Depremler insan yaşamına ve çevrenin olağan konumuna büyük zarar verir. Temel olarak depremin kendisi insanda dehşet ve korku yaratır, insan canına sebep olur ve çevreyi derinden etkiler. Yapıları ve ticari kuruluşları yıkar. Meydana geldiği alan deniz kenarıysa tsunami diye adlandırılan dev dalgalar büyük zarar yaratır.

Yapı ve yerleşim alanlarında görülen yıkımla kalmaz verdiği zarar aynı zamanda insanın ruhsal durumunu da olumsuz etkiler. Paniğe, endişeye, korkuya ve can kaybına neden olur, çoğunlukla ömür boyu sürecek ruhsal dengesizlikler yaşanır.

Her zaman yıkım getirir mi?

Getirmez.

Deprem bölgelerinde bulunan ülke bilim insanları depremlere karşı çok ciddi önlemler almışlardır. Deprem uyarı dizgeleri, uyarı sinyalleri, dayanıklı yapılar ve benzeri önlemlerle her hangi bir deprem olayında yıkımı en aza indirecek önlemleri düşünüp uygulamaya sokmuşlardır. O nedenle 7.1 ve daha üstü deprem yaşandığında fazla yıkım gerçekleşmez.

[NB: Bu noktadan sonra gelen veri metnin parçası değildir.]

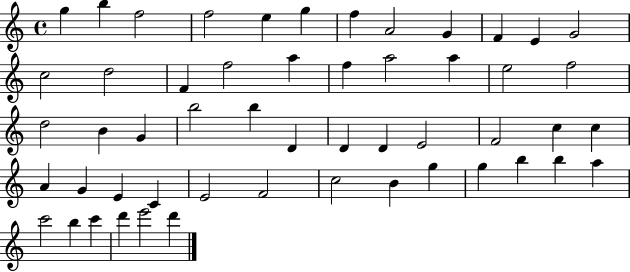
{
  \clef treble
  \time 4/4
  \defaultTimeSignature
  \key c \major
  g''4 b''4 f''2 | f''2 e''4 g''4 | f''4 a'2 g'4 | f'4 e'4 g'2 | \break c''2 d''2 | f'4 f''2 a''4 | f''4 a''2 a''4 | e''2 f''2 | \break d''2 b'4 g'4 | b''2 b''4 d'4 | d'4 d'4 e'2 | f'2 c''4 c''4 | \break a'4 g'4 e'4 c'4 | e'2 f'2 | c''2 b'4 g''4 | g''4 b''4 b''4 a''4 | \break c'''2 b''4 c'''4 | d'''4 e'''2 d'''4 | \bar "|."
}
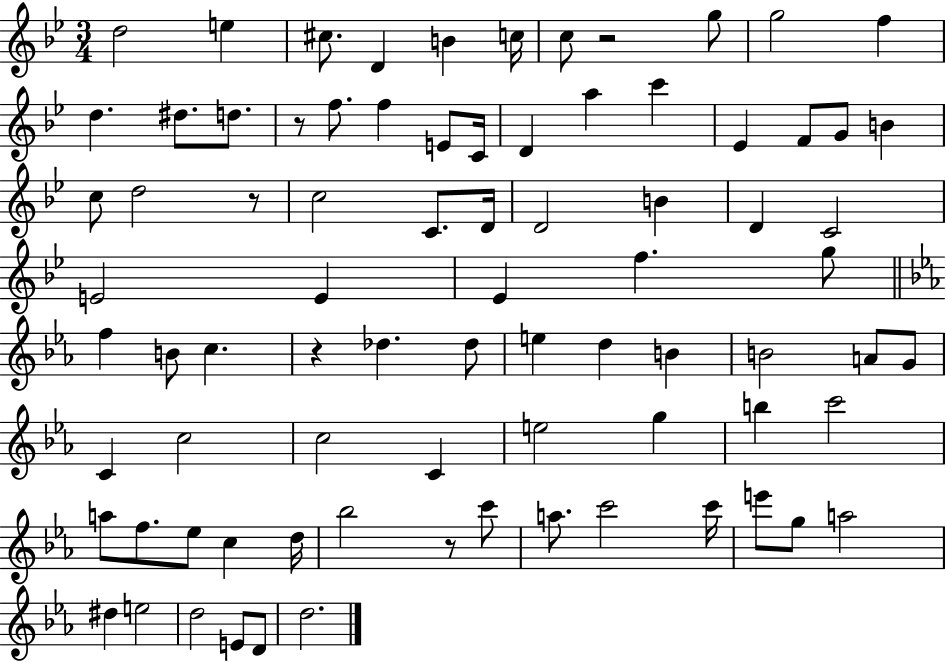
{
  \clef treble
  \numericTimeSignature
  \time 3/4
  \key bes \major
  \repeat volta 2 { d''2 e''4 | cis''8. d'4 b'4 c''16 | c''8 r2 g''8 | g''2 f''4 | \break d''4. dis''8. d''8. | r8 f''8. f''4 e'8 c'16 | d'4 a''4 c'''4 | ees'4 f'8 g'8 b'4 | \break c''8 d''2 r8 | c''2 c'8. d'16 | d'2 b'4 | d'4 c'2 | \break e'2 e'4 | ees'4 f''4. g''8 | \bar "||" \break \key c \minor f''4 b'8 c''4. | r4 des''4. des''8 | e''4 d''4 b'4 | b'2 a'8 g'8 | \break c'4 c''2 | c''2 c'4 | e''2 g''4 | b''4 c'''2 | \break a''8 f''8. ees''8 c''4 d''16 | bes''2 r8 c'''8 | a''8. c'''2 c'''16 | e'''8 g''8 a''2 | \break dis''4 e''2 | d''2 e'8 d'8 | d''2. | } \bar "|."
}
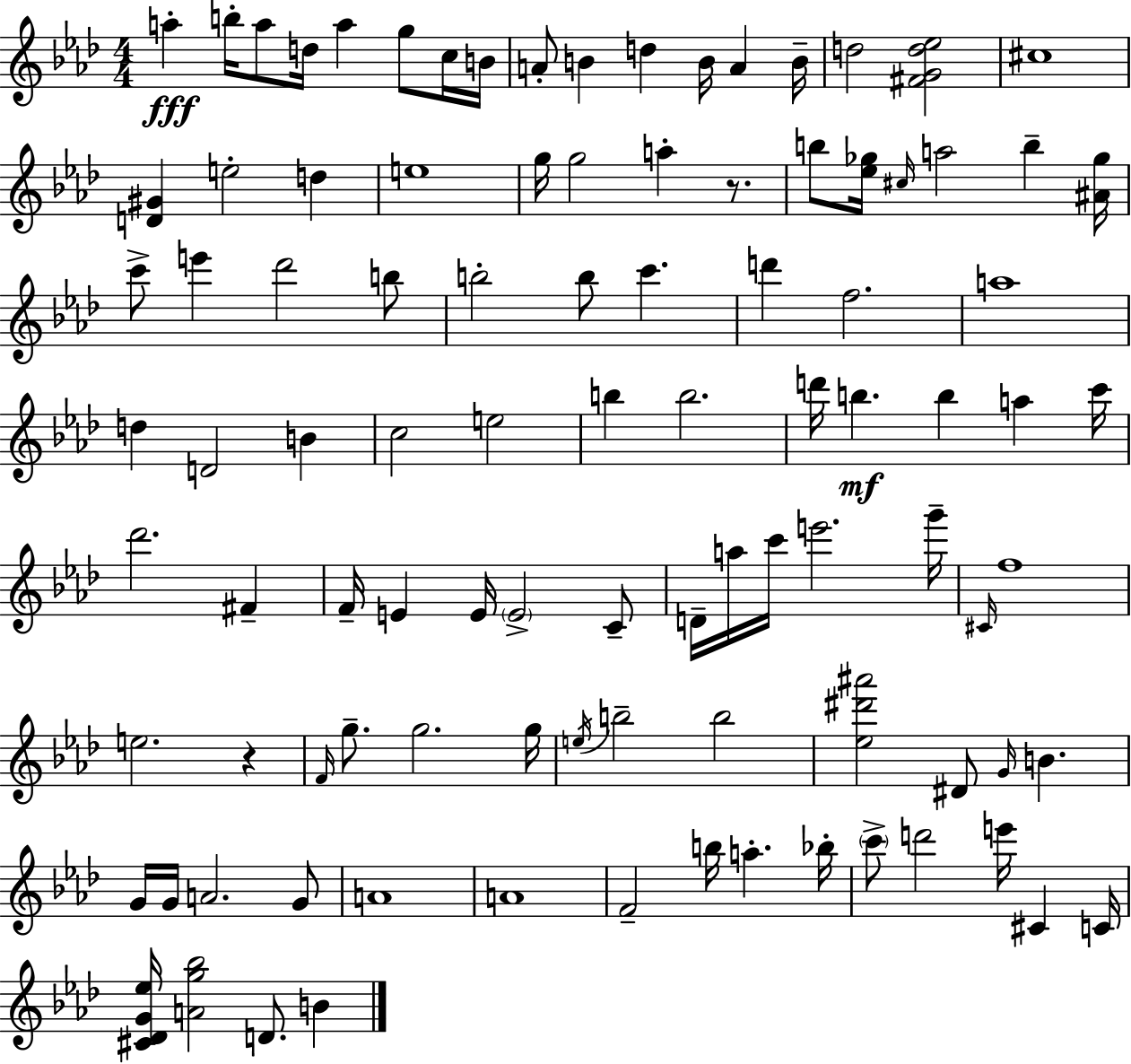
A5/q B5/s A5/e D5/s A5/q G5/e C5/s B4/s A4/e B4/q D5/q B4/s A4/q B4/s D5/h [F#4,G4,D5,Eb5]/h C#5/w [D4,G#4]/q E5/h D5/q E5/w G5/s G5/h A5/q R/e. B5/e [Eb5,Gb5]/s C#5/s A5/h B5/q [A#4,Gb5]/s C6/e E6/q Db6/h B5/e B5/h B5/e C6/q. D6/q F5/h. A5/w D5/q D4/h B4/q C5/h E5/h B5/q B5/h. D6/s B5/q. B5/q A5/q C6/s Db6/h. F#4/q F4/s E4/q E4/s E4/h C4/e D4/s A5/s C6/s E6/h. G6/s C#4/s F5/w E5/h. R/q F4/s G5/e. G5/h. G5/s E5/s B5/h B5/h [Eb5,D#6,A#6]/h D#4/e G4/s B4/q. G4/s G4/s A4/h. G4/e A4/w A4/w F4/h B5/s A5/q. Bb5/s C6/e D6/h E6/s C#4/q C4/s [C#4,Db4,G4,Eb5]/s [A4,G5,Bb5]/h D4/e. B4/q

6 Şubat 2023’te yurdumuzun güneyinde ve Akdeniz kıyı kentlerinde meydana gelen deprem resmi açıklamalara göre 50.000’in üzerinde cana ve yüz binlerce yapının yerle bir olmasıyla sonuçlandı.

Bu sonuç yaşanır mıydı?

Büyük olasılıkla bu şiddette ve oranda yıkım yaşamazdık.

Yapıların yapım aşamalarında, bittikten sonra oturma izni verildiği aşamada, denetimler sonucu görülen eksiklerin giderilip giderilmediğini inceleme ve raporlama aşamalarında gerekli özen gösterilseydi, insanların barınmasına uygun olup olmadığı doğru değerlendirilseydi bu büyüklükte yıkım gerçekleşmeyebilirdi. Bunların yeterince yapılmadığı ortaya çıktı.

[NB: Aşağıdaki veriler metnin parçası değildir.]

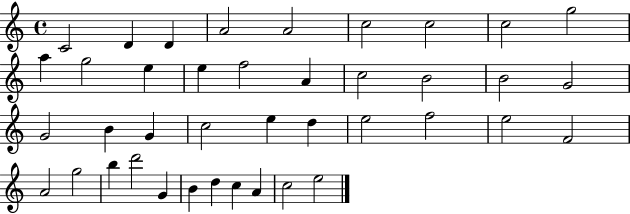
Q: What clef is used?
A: treble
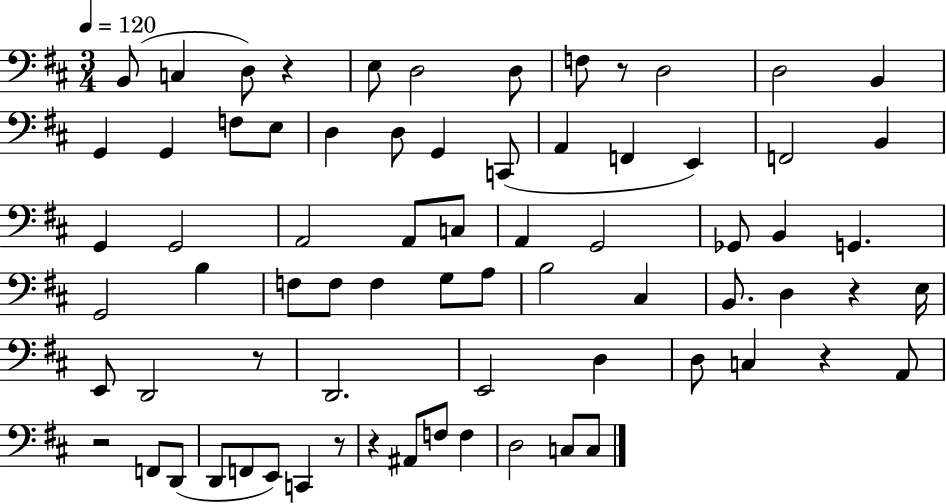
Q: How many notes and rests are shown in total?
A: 73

Deprem sonrası arama kurtarma çalışmaları, göçük altında kalan insanların seslerinin duyulması, canlı kurtarılması, kurtarılan insanlara barınak, yiyecek ve temel temizlik koşulları sağlanmalıdır. Öncelikle, deprem olayında acil toplamla alanları kentlerin belli bölgelerinde ve o bölge insanlarının toplamını kapsayacak genişlikte düzenlenmelidir. Buralarda daha önceden temel gıda, temizlik ve tıbbi destek malzemeleri ve görev alacak insanların en kısa zamanda buralara ulaşmalarını sağlayacak düzenlemeler yerine getirilmiş olmalıdır.

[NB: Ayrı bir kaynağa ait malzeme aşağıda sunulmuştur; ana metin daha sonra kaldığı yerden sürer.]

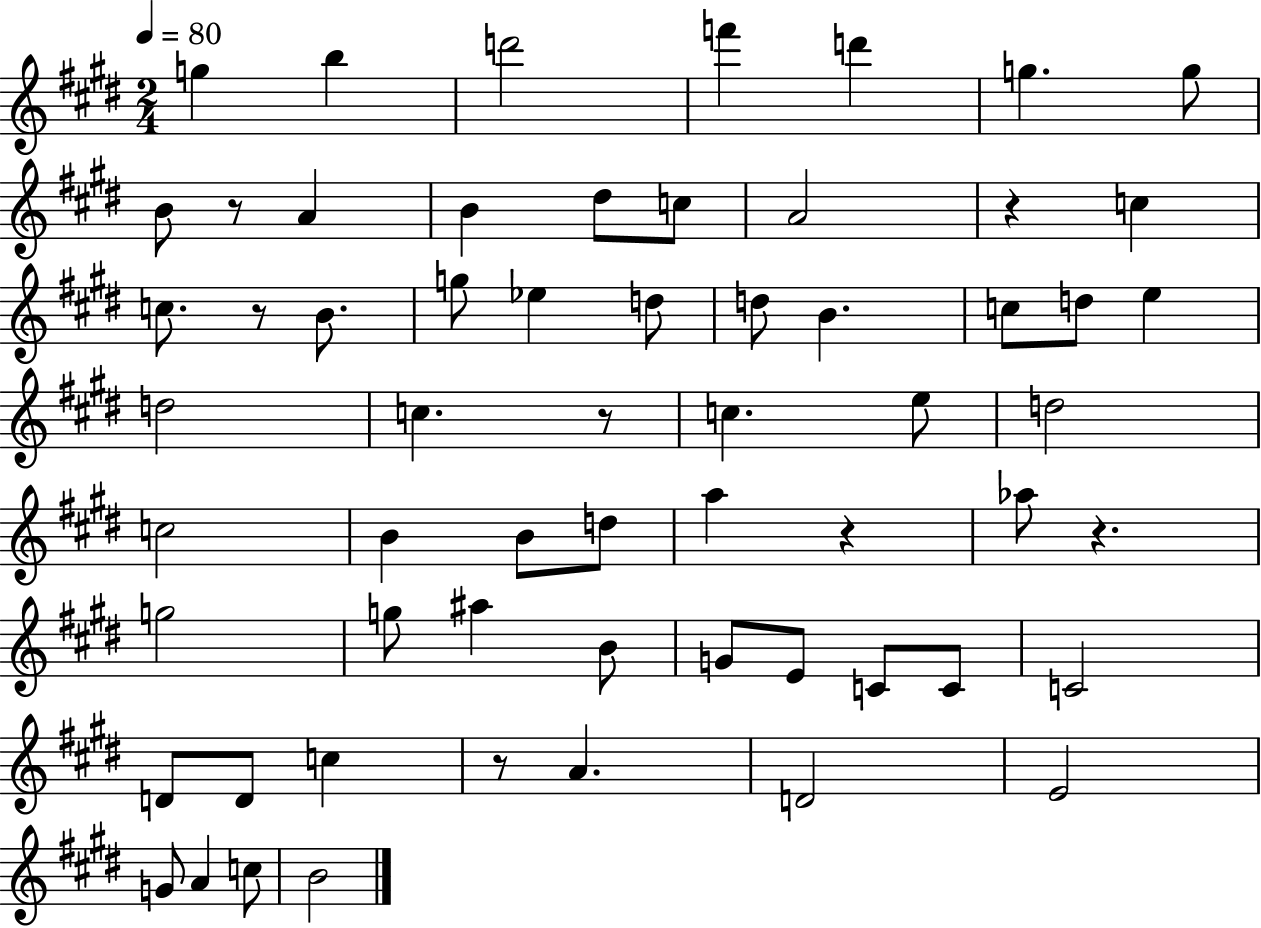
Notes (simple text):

Hem resmî hem de toplumsal dayanışma çok önemlidir. İnsanların korku, endişe, panik içinde oldukları bilinerek son derece dikkatli olunmalı, bu ruhsal durumlardan en az etkilenmeleri için sağlık görevlileri, özellikle ruhbilimciler planlamada yer almalıdır.

Ülkemiz bir deprem bölgesidir ve bu doğa olayına son derece soğukkanlılıkla yaklaşmalıyız.